There is not agreement, however, about whether the dog was mistreated and died as a result of Vargas exhibit."

The argument doesn't seem over. Did the dog actually die of starvation? Did it escape after a day and its three hours of being tethered to the exhibit, and find a similar or even worse fate in the streets of Nicaragua? Was it fed well while being used by the artist as an example of the horrible conditions of stray dogs?
I'm a little confused, because the artist also exhibited a sign above the dog, saying "Eres lo que lees": You are what you read, while also burning 175 crack rocks in a nearby censer. Were they all part of the same artistic installment? What is the combined aesthetic here? Does it make sense, and is it even the artist's job to make sense?
This blog is setup to monitor the artist, and continue circulating a sort of e-novena with the purpose of remembering Natividad, the dog that the artist used for his exhibit. Here is a tacky youtube video, replete with terribly sentimental (read: pointlessly emotional) music, which doesn't get any closer to the issue at hand.
This blog says x and y about this artist, yet doesn't provide great sources. It states that his myspace has him admitting he killed the dog, but doesn't provide a link to his myspace. So where is the proof? It says that its sole purpose is to act against further disinformation, but at what point does it become anything other than that simply because it won't credit its source.

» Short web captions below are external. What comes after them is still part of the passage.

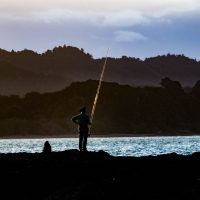 Puriri Bay Campsite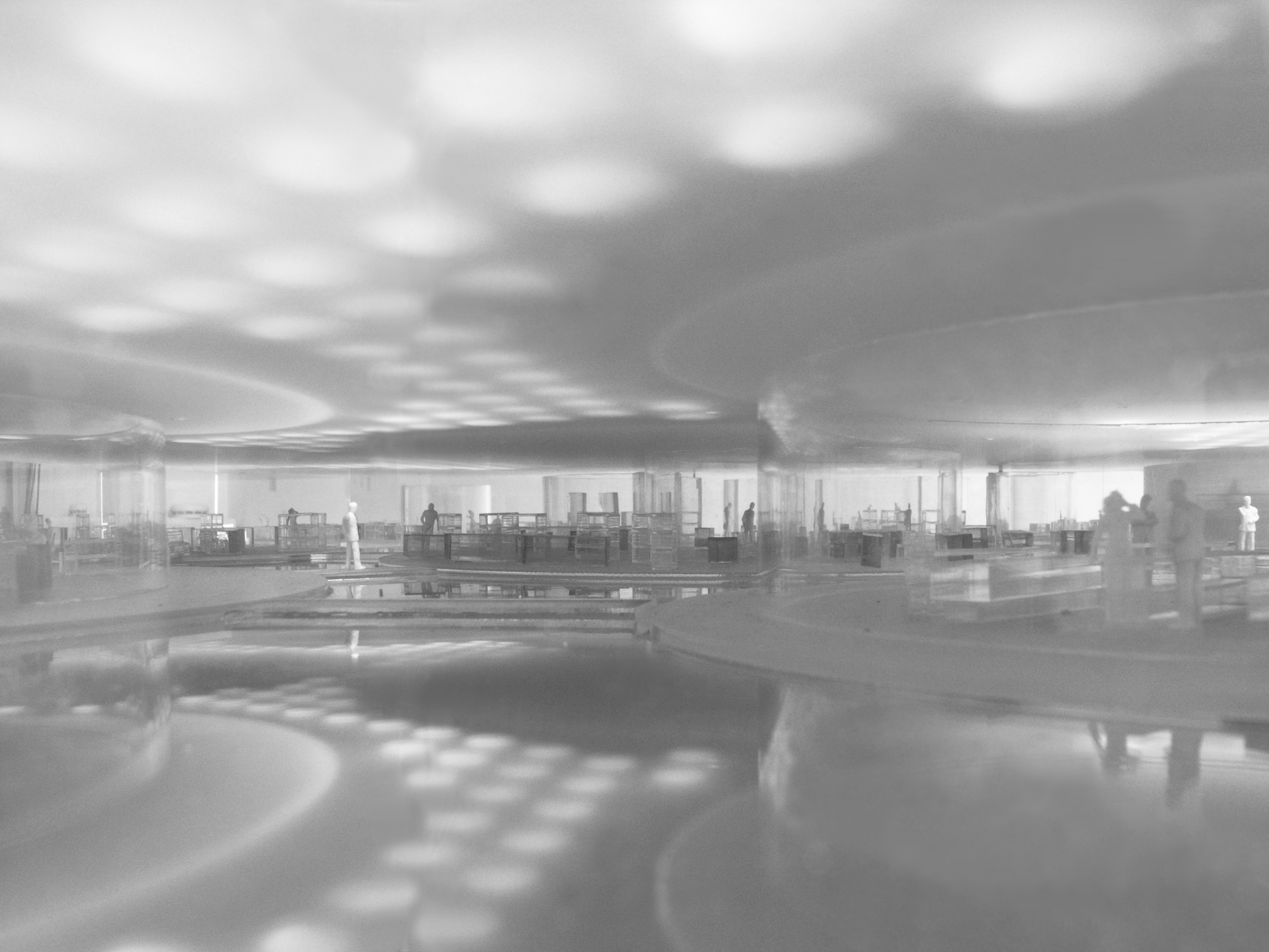 Center for Regenerative Medicine Barend Koolhaas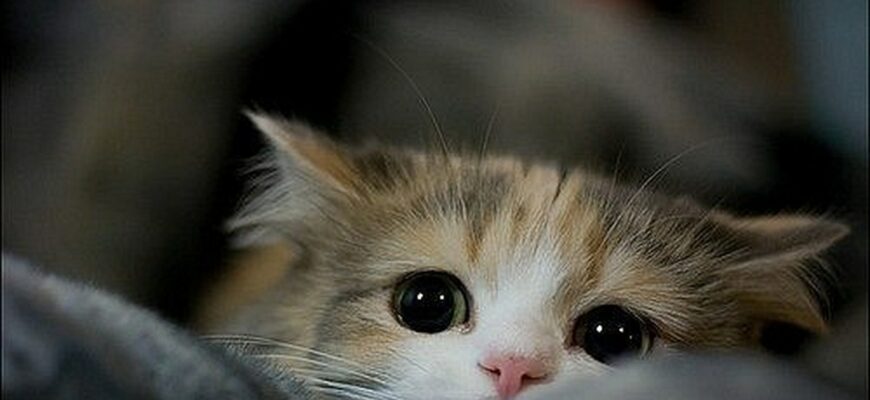 Почему ищут слив видео "Котёнок лайк маньяк"?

Leave it to deviantart to provide some interesting thought on the matter.

My thoughts on the matter are as follows. Aesthetically, artists should be free to do whatever they want, just like other humans, as long as they aren't harming someone. I guess I call this the John Stuart Mill aesthetic, getting the idea directly from his "On Liberty," my personally favorite work on political philosophy. In this case, how do you define that? Say the dog was fed well, or escaped, and the artist didn't kill it. It's still.. retarded. Do you really need to show the dog starving below a sign saying, "you are what you read"? You are what you read? Hmm. You're also what you exhibit, which in this case is effete schlock which isn't really going to change anybody's callous heart anytime soon. Can people change, sure, but should something innocent suffer, even for three hours, to affect that change? No. It's just dumb and brutal, and essentially shows that the artist is no better than the dregs of society that he's supposed to be changing. It's sophomoric, aesthetically displeasing, and vacuous. Again, I'm about as liberal as they come. I don't care if people piss or shit on religious icons, let alone use manure to show how fertile the blessed virgin is. At the end of the day, whether through religion or science, we're all related. An icon is just an icon, but flesh and blood are flesh and blood. Shock my senses, break up my mouldered and staid worldview, but don't hurt something to make me more sensitive; it's pointless.